L’imaginaire
du Canal de Suez dans la sculpture marseillaise : le discours commémoratif.
Malheureusement,
en 1882, les Français perdent la mainmise sur le canal au profit des Anglais.
De fait, le discours iconographique change de nouveau, l’impérialisme cédant
désormais la place à la commémoration. Et l’occasion se présente rapidement :
en effet, l’Exposition universelle de 1889 coïncide avec le 20e anniversaire du
percement de l’isthme de Suez. La Compagnie universelle du Canal de Suez
commande alors une statue pour l’offrir à Ferdinand de Lesseps.
Pour
cela, elle s’adresse au sculpteur marseillais Jean-Baptiste Hugues dit Jean
Hugues (1849-1930), lauréat du grand prix de Rome en 1875, par l’intermédiaire
de son secrétaire général Marius Fontane (1838-1914) ; ce dernier,
également Marseillais, est un proche du statuaire dont il sera le témoin de
mariage le 3 mai 1890.
Dans
l’urgence, Hugues recycle une œuvre en plâtre exposée au Salon des artistes
français de 1883 : L’Immortalité, une
allégorie féminine et ailée gravant dans le roc le nom des génies de la
littérature : Homère, Dante, Shakespeare et Hugo.
Jean Hugues, L’Immortalité,
statue en plâtre, 1883
Photo, collection personnelle
Il
lui suffit simplement de modifier l’inscription pour en changer le sens. La
sculpture devient ainsi L’Histoire
gravant la date du percement du canal de Suez, soit le 17 novembre 1869. La
statue figure en bonne place dans le pavillon de la Compagnie universelle du
Canal de Suez lors de l’Exposition universelle.

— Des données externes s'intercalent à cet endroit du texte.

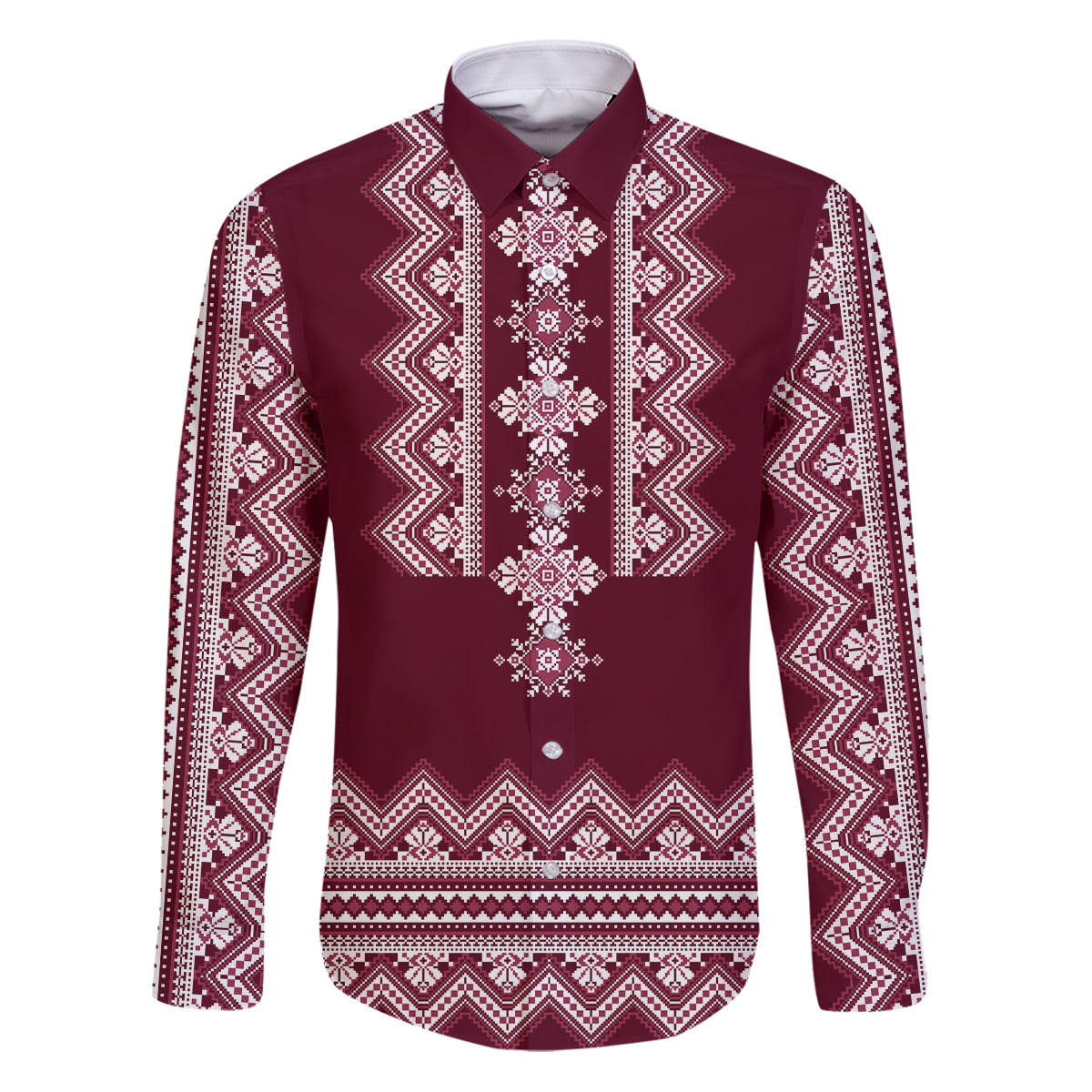 Ukraine Folk Pattern Family Matching Puletasi Dress and Hawaiian Shirt Ukrainian Wine Red Version - Wonder Print Shop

Jean Hugues, L’Histoire gravant la date
du percement du canal de Suez
Gravure, 1889, collection personnelle
Elle
est ensuite fondue en bronze par la fonderie Barbedienne. Enfin, elle est
offerte à Ferdinand de Lesseps qui l’érige dans le parc du château de Planches,
propriété de son fils Charles située dans l’Indre, où elle se trouve toujours.
Jean Hugues, L’Histoire
gravant la date du percement du canal de Suez
Statue en bronze, 1891, château de Planches (Indre)
Cela
étant, l’imaginaire du canal de Suez s’estompe rapidement dans l’art
marseillais, sans doute remplacé par un imaginaire plus fort et plus local,
celui de Marseille porte de l’Orient.